Swip, the investment arm of Lloyds Banking Group, slashed the size of its fund management team in April as it moved the £54 billion in its UK funds to a computer-driven 'quantitative' strategy.
Sometimes dubbed 'black box' the quant approach involves in putting huge amounts of stock data for computers to process. Stocks are then chosen from a list that the computer has screened, thus requiring fewer analysts and fund managers. Those fund managers that remain at Swip are mostly employed on global or specialist equity funds.
The change require a total reorganisation of Swip's portfolios which, according to the managers of the Henderson UK Absolute Return fund, had a big impact on the stock market as the firm dumped large stakes in firms.
Swip had held big positions in Berkeley Group (BKGH.L) (15.2%), Tullett Prebon (TLPR.L) (12.7%), DS Smith (SMDS.L) (7.8%), Resolution (RSL.L) (10.35%), UBM (UBM.L) (6.8%) and Reed Elsevier (REL.L) (6.9%). ‘Following the announcement by Swip we observed very active selling/shorting of these Swip names,’ managers Ben Wallace and Luke Newman said.
Housebuilder Berkeley is the only stock to have gained in value over the past three months.
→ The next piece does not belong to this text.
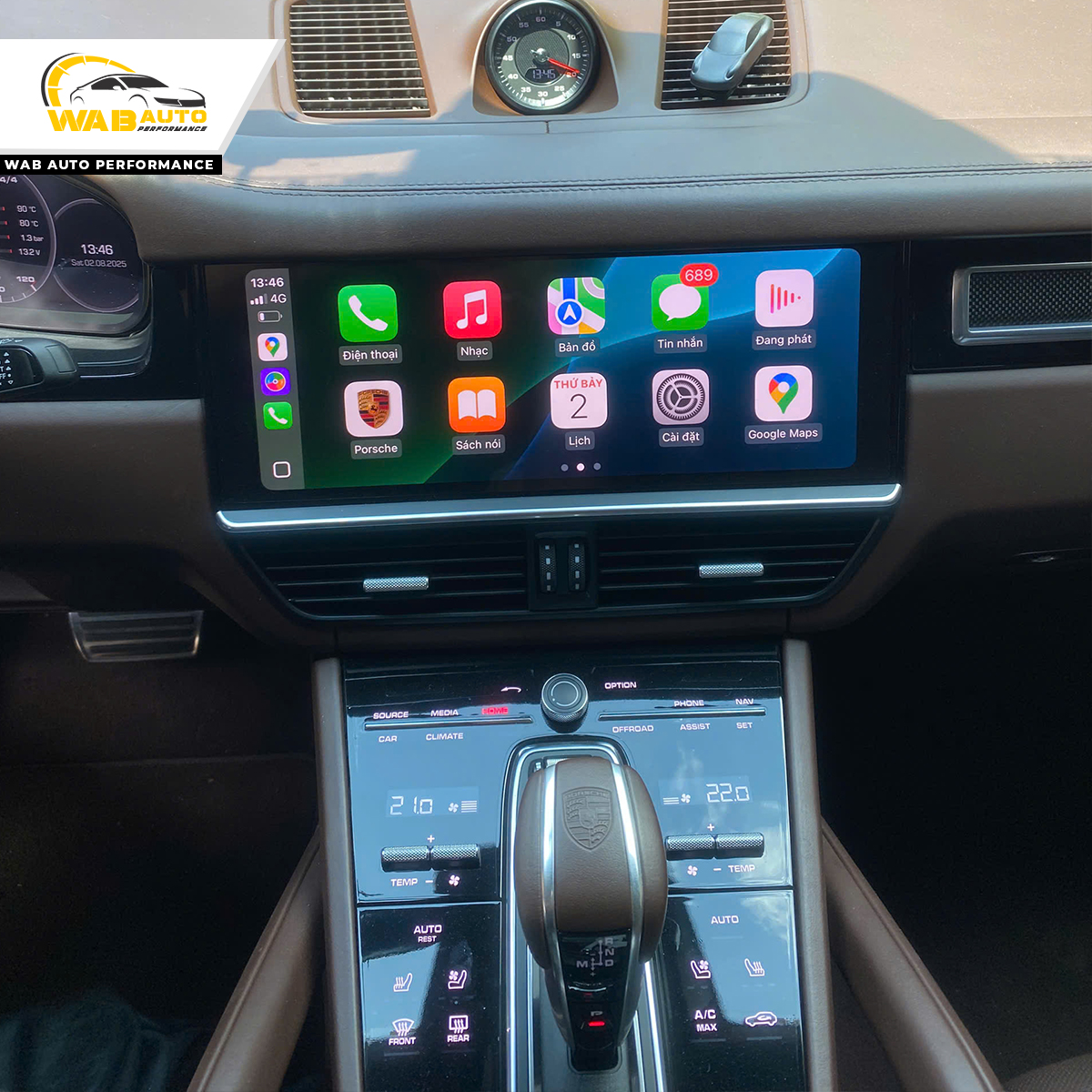 Porsche Cayenne S 9YA - 2021 nâng cấp màn hình Apple carplay full screen và kết nối không dây tại WAB Auto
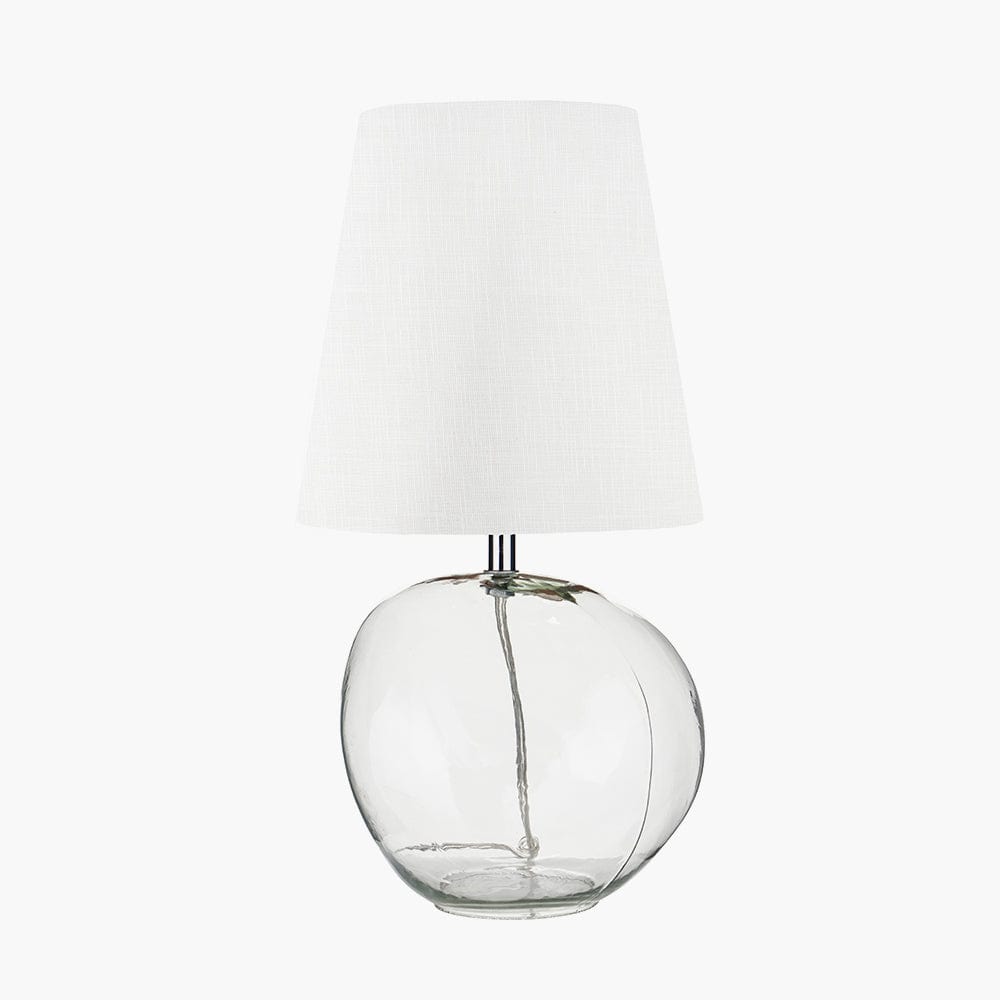 Hallie Clear Glass and White Shade Table Lamp.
The rest have fallen heavily in contrast with the FTSE 100 which rose and fell to be flat over the period.
The managers added: 'Our overall exposure to Swip names is now materially lower and we are monitoring the situation very closely as many of these stocks appear very attractively valued.
'In an attempt to enhance our process, we will now take into account our overlap with other investment institutions as part of our portfolio construction process.'
Swip said: ‘It was made clear … we are moving a significant proportion of our high alpha equities to be managed on a “quant” (low risk alpha) basis.’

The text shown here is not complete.